The standard life cycle model follows a cyclical pattern of user requirement, analysis, design, development, testing, deployment, and maintenance, with many iterations in-between as changes are made to the software. With machine learning, all the focus is on the data. After the problem is defined and the goals established, that’s when the data collection can begin. After collection, the data is prepared and sorted into categories. The model begins “learning” from that sorted data. The model is then deployed and integrated, this is followed by model management. Algorithms are essentially being trained by data. This impacts the way software performs. It is called software 2.0 because of the way the programming has surpassed the ability of humans, now becoming so complex that a computer is required to program another computer. It’s also much easier to set rules and boundaries and collect data than it is to write thousands of lines of code in order to create a program to solve a problem. 

It would be highly improbable, however, to assume that traditional programming models will be disappearing in favor of machine learning. There are too many existing systems created the standard way to ever consider recreating the wheel with most of them. There are, however, ways in which these two paradigms can work together in the future.

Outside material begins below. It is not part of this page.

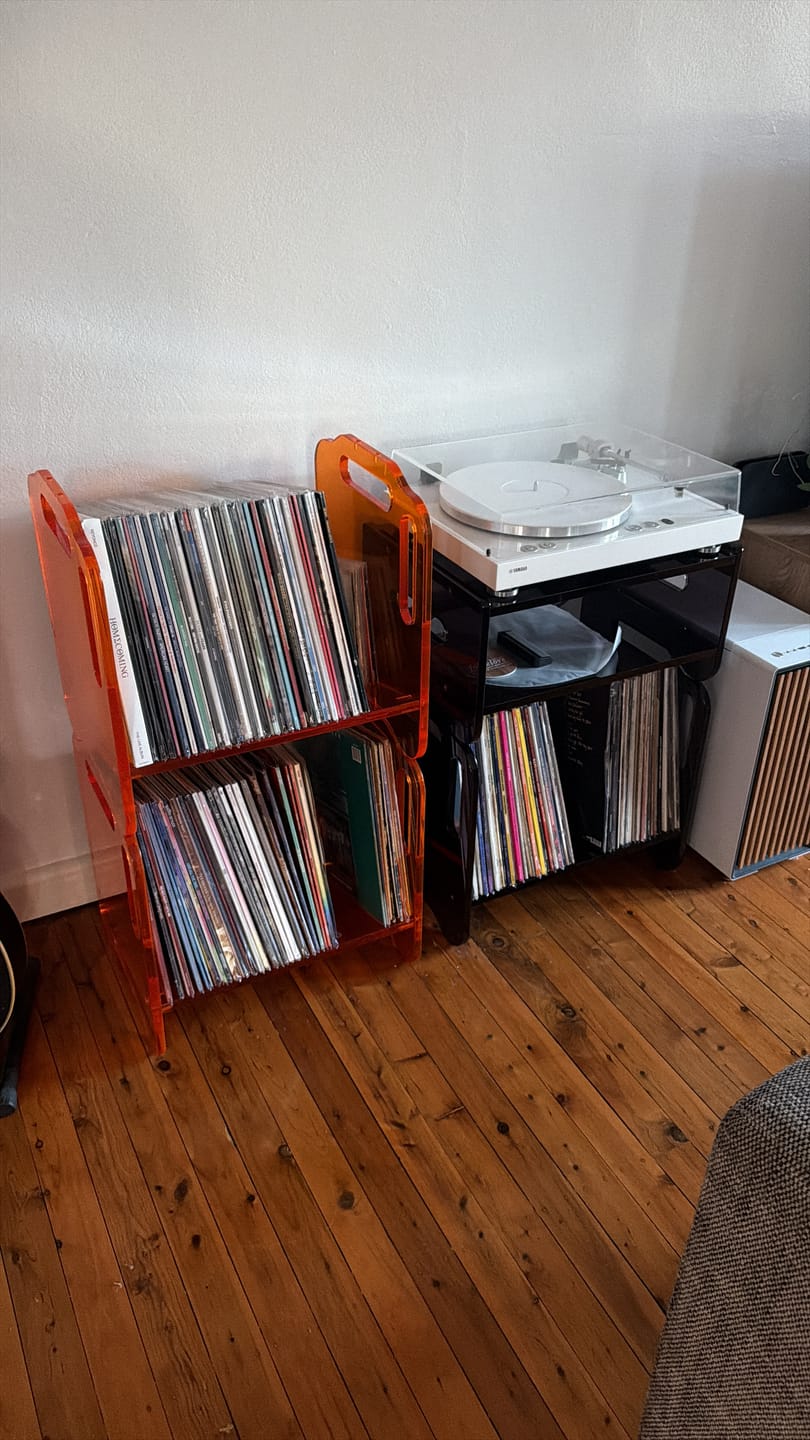 Customer photo review of Prisma 140 - Acrylic Vinyl Record Shelf (Graphite)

There are several ways to do this. One way is to let machines do the prototyping once a software model is created. Smart programming assistants, such as Kite for Python or Codota for Java, can save developers countless hours of having to debug code or comb through endless documentation. They can offer just-in-time recommendations as well as support. During the development phase of the product life cycle, intelligent assistants can identify common errors and flag them immediately. 

Changing with the times and keeping up with technology is a way of life. When software needs to be upgraded, machine learning can help save programmers the time and hassle of updating by automating the process.